These operations are rowwise()
, so they're not very efficient, but this solution in the tidyverse
should cleanly achieve what you want.
让我们将您的示例数据集命名为 dataset
.然后是下面的工作流程
Let us call your sample dataset by the name dataset
. Then the following workflow
library(tidyverse)
# ...
# Code to generate your 'dataset'.
# ...
# Define custom logic across a single row.

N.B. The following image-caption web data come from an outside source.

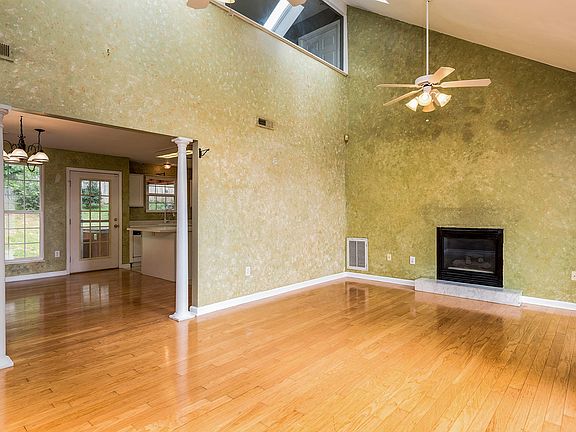 5th image of 1633 Banyan Way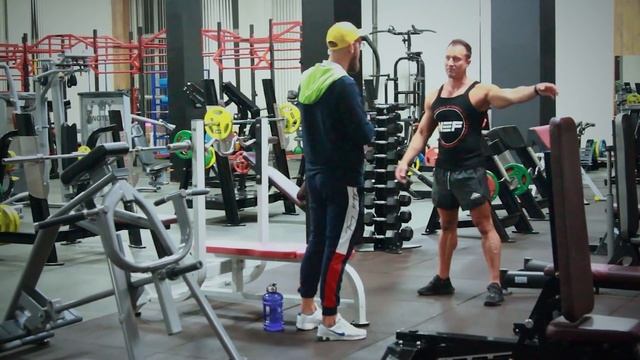 Мастер Спорта притворяется БОТАНИКОМ в ЗАЛЕ #2  | ПРАНК НАД ТРЕНЕРОМ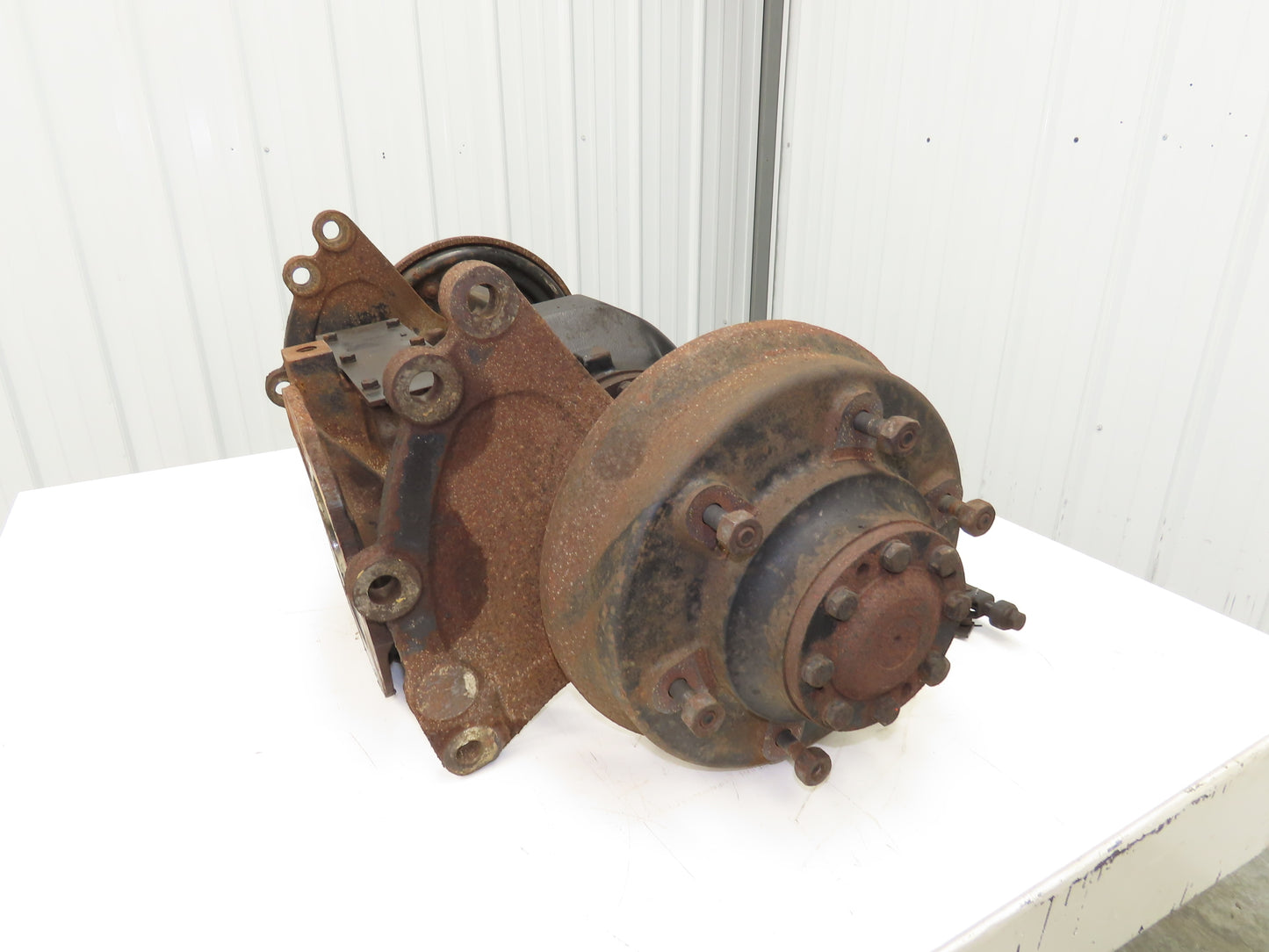 Hyster E60Z-33 Forklift Front Dual Wheel Drive Axle Assembly 6-Lug & Park Brake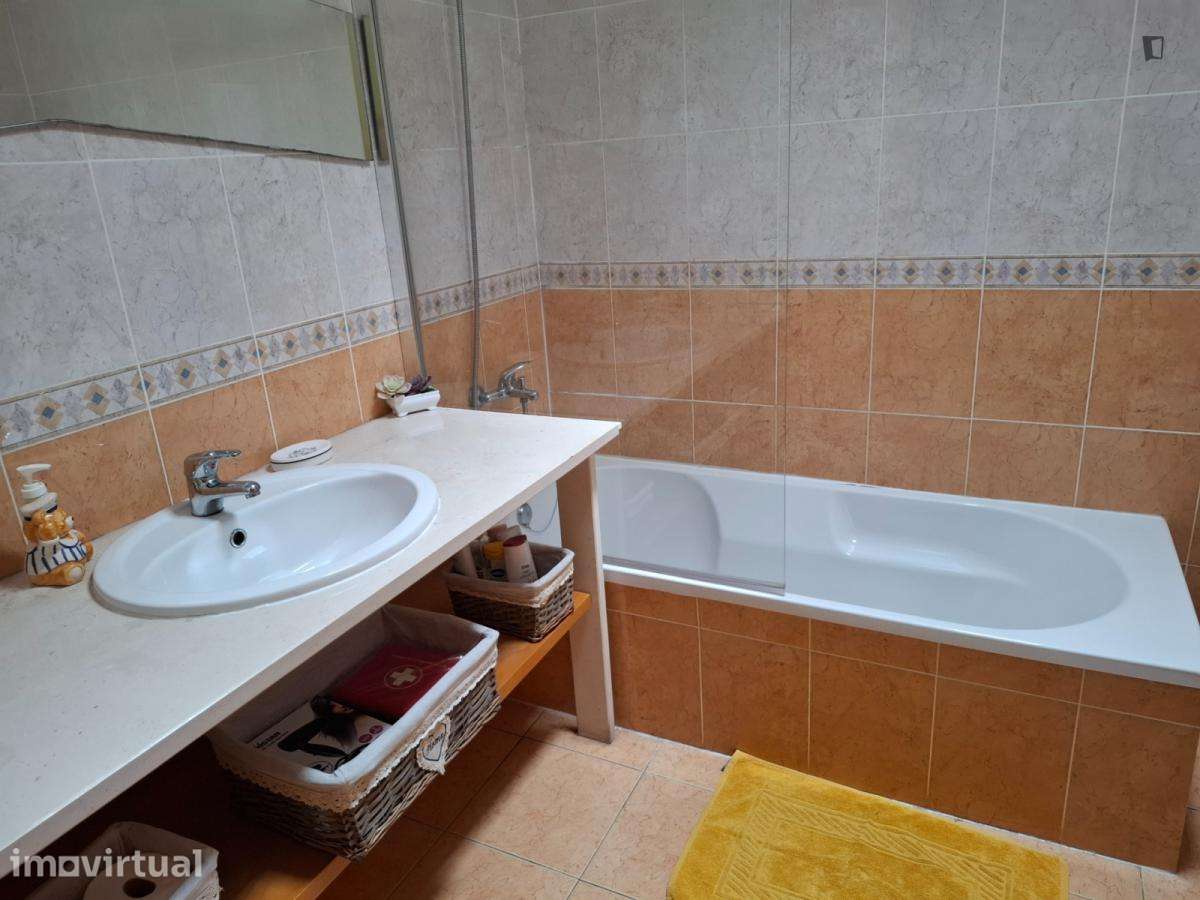 Quarto - localizado em Leiria - Grande imagem: 3/8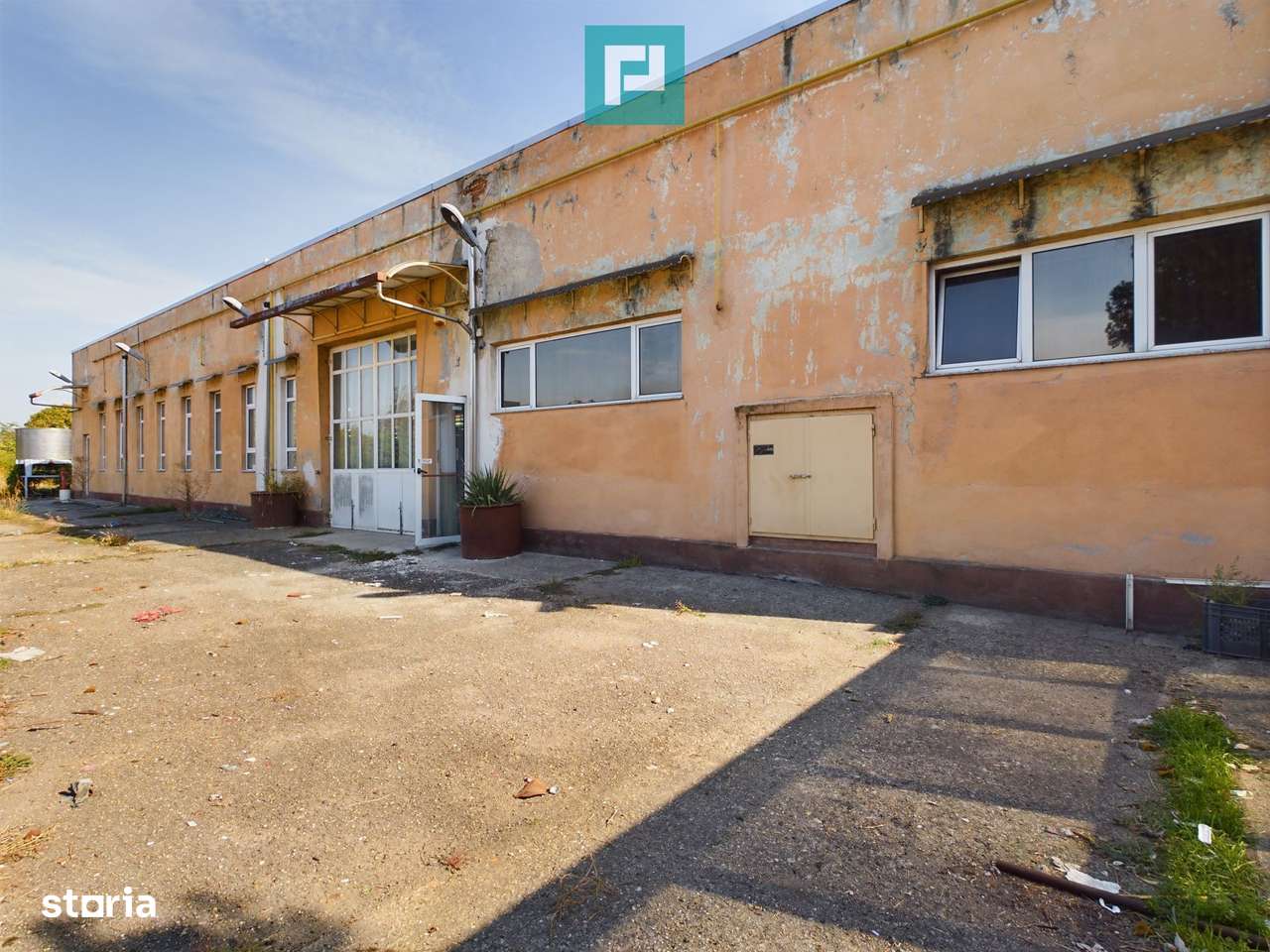 Spațiu industrial cu platformă betonată și teren - Imagine principală: 3/14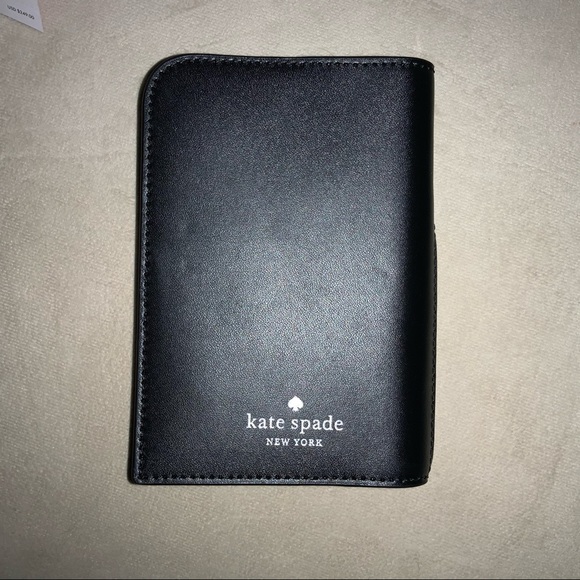 Kate Spade leather passport/ wallet - Picture 5 of 8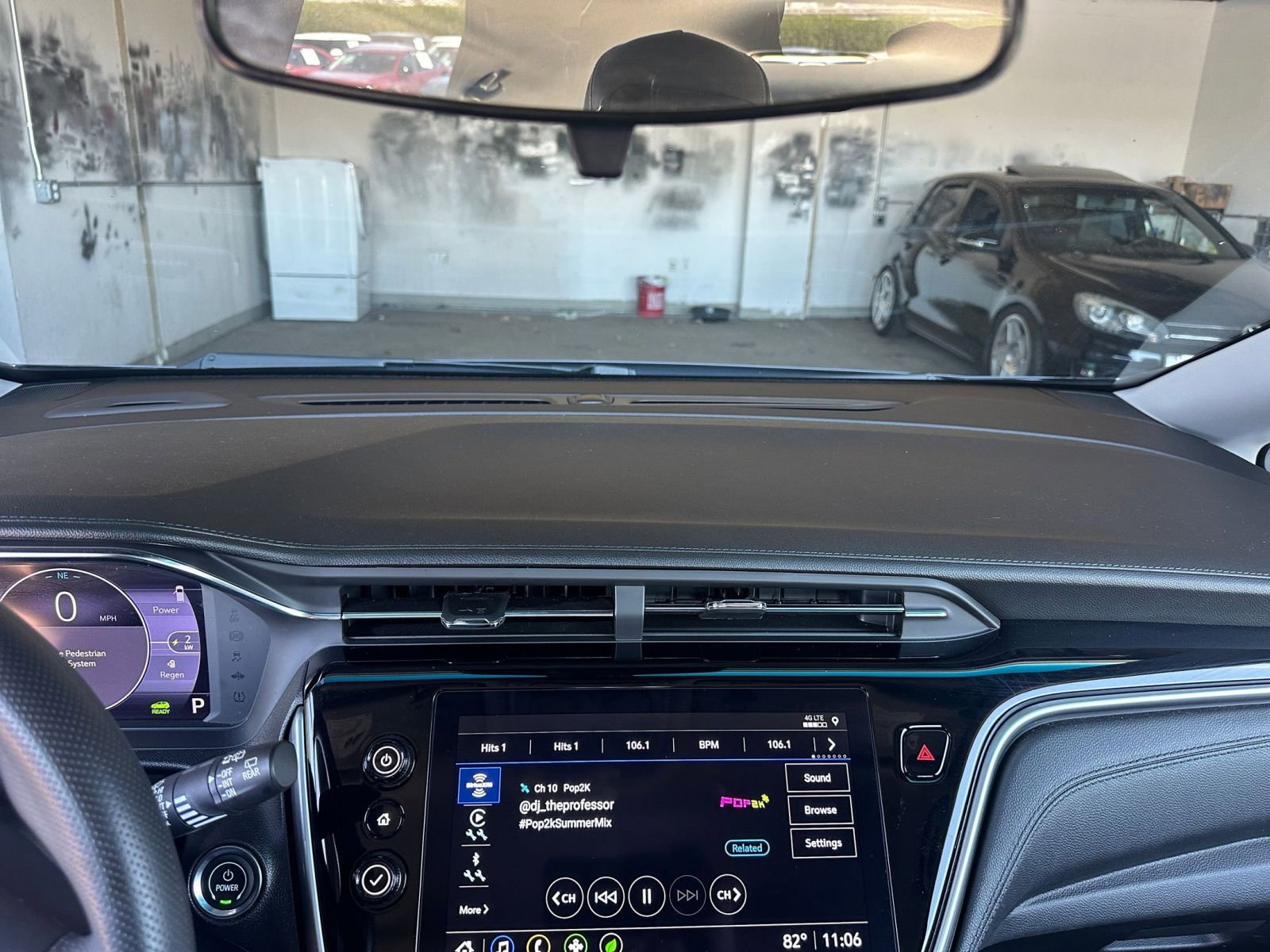 Thumbnail: 2023 Chevrolet Bolt EV - 21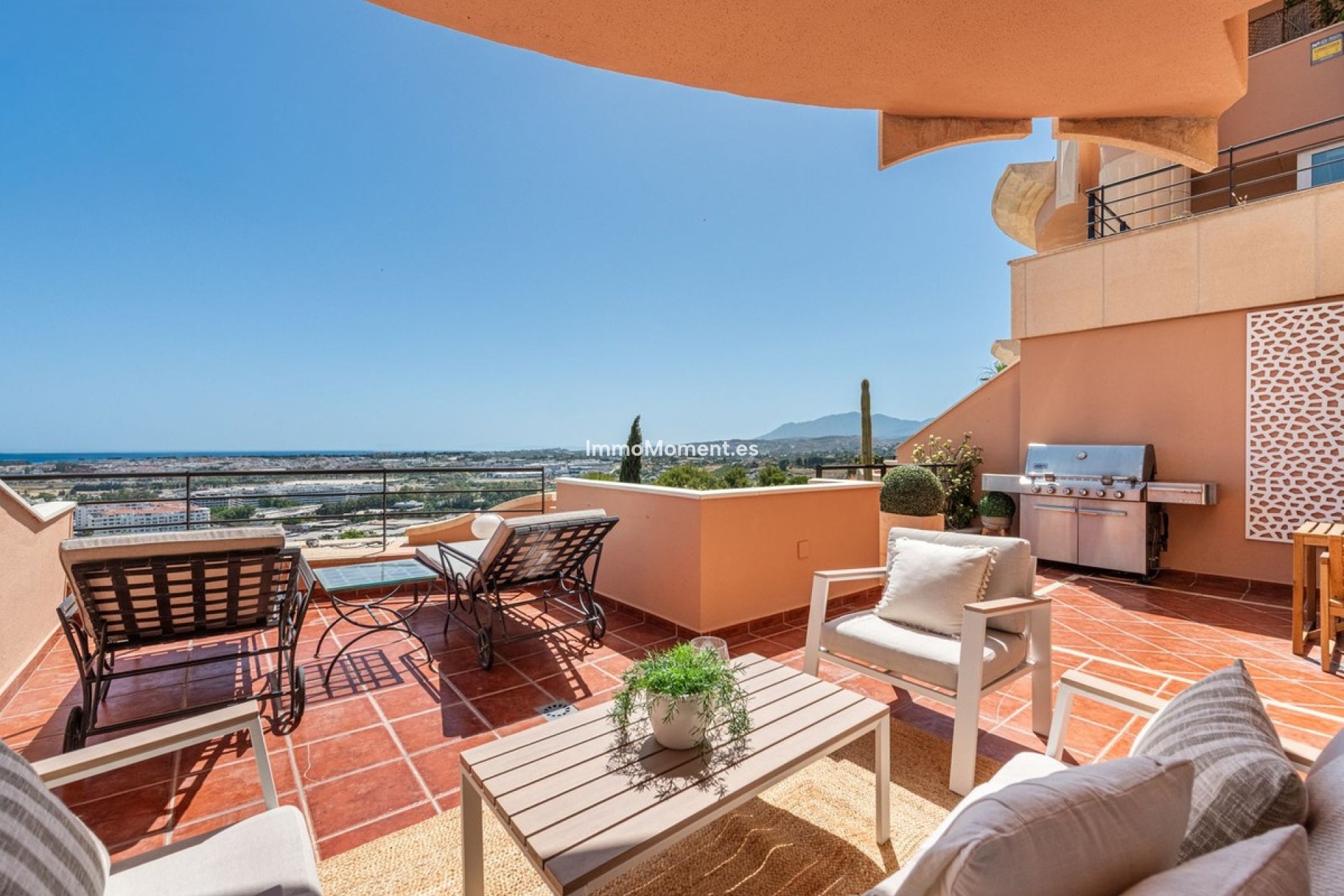 Resale - Apartment - Marbella - Nueva Andalucía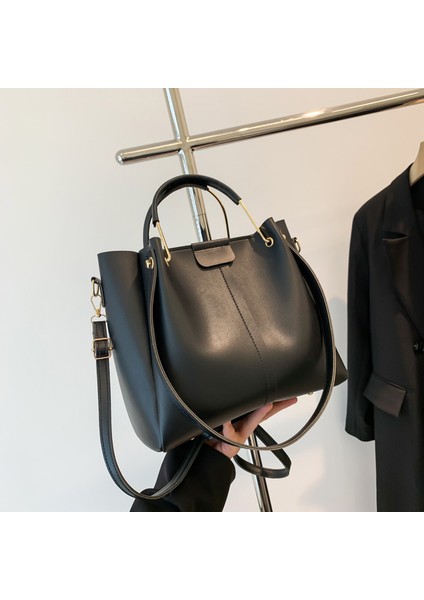 Büyük Kapasiteli Çanta Kadın Çantası 2024 Yeni Moda Moda Sonbahar ve Kış Geniş Bant Crossbody Çanta Omuz El Çantası (Yurt Dışından) fırsatları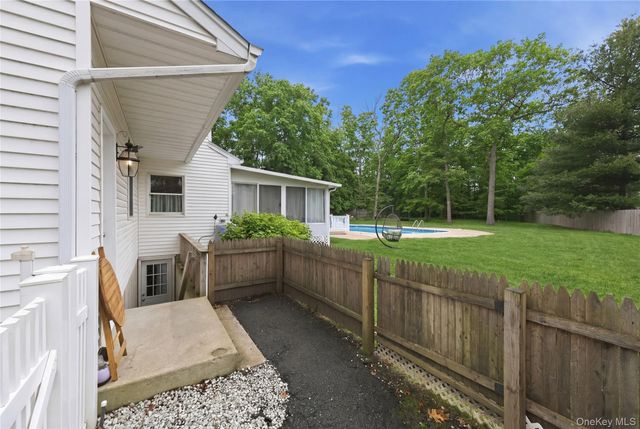 3 Hampton Drive, Center Moriches, NY 11934
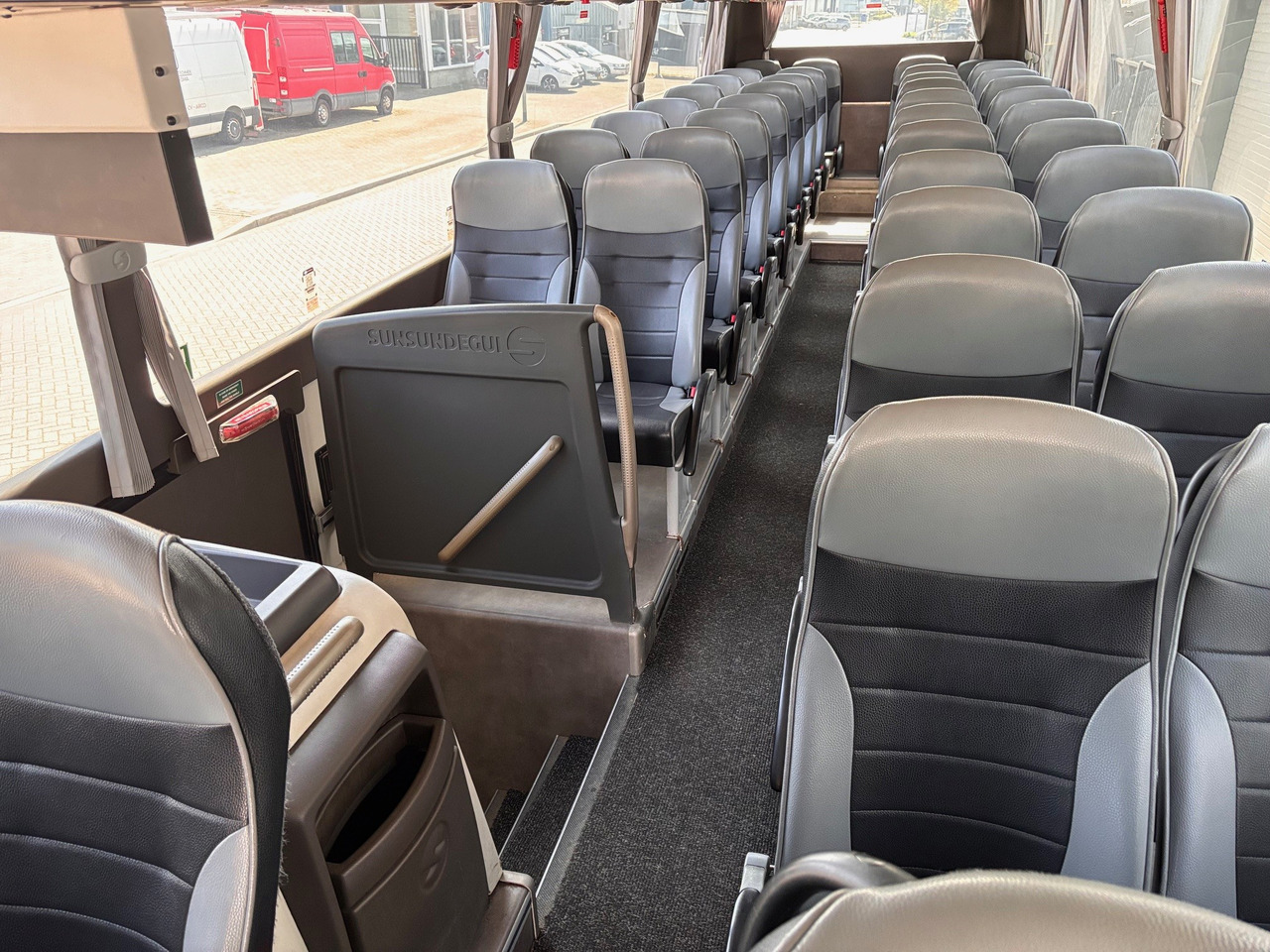 Autokar Volvo B11R SUNSUNDEGUI SC7, Euro 6.: obrázok 10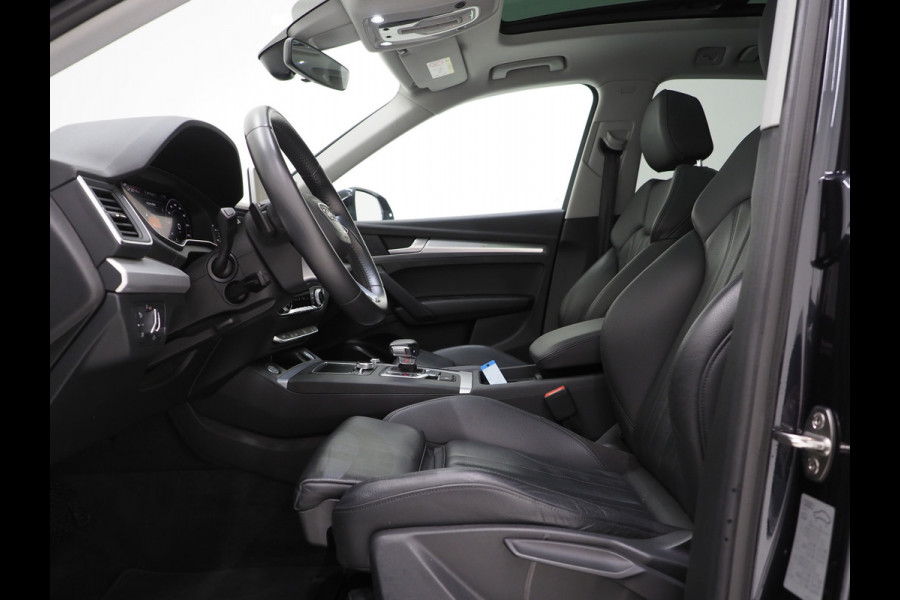 Audi Q5 50 TFSI e Quattro 299PK | Panoramadak | Camera | Virtual | BLIS | DAB | Stoelverwarming | Carplay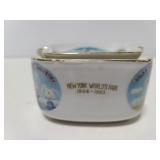 New Yorks World Fair nesting ashtray set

get_first_attack <- function(values_across_row) {
# "Yes" overrides all other values.
if(isTRUE(any(values_across_row == "Yes"))){
return("Yes")
}
# "No" overrides all missing values: 'NA' and "Unknown".
else if(isTRUE(any(values_across_row == "No"))) {
return("No")
}
# "Unknown" overrides all other missing values: 'NA'.
else if(isTRUE(any(values_across_row == "Unknown"))) {
return("Unknown")
}
# All values are missing: 'NA'.
else {
return(as.character(NA))
}
}
dataset %>%
# Examine row by row.
dplyr::rowwise() %>%
# Compare values across each row according to the logic in 'get_first_attack()'.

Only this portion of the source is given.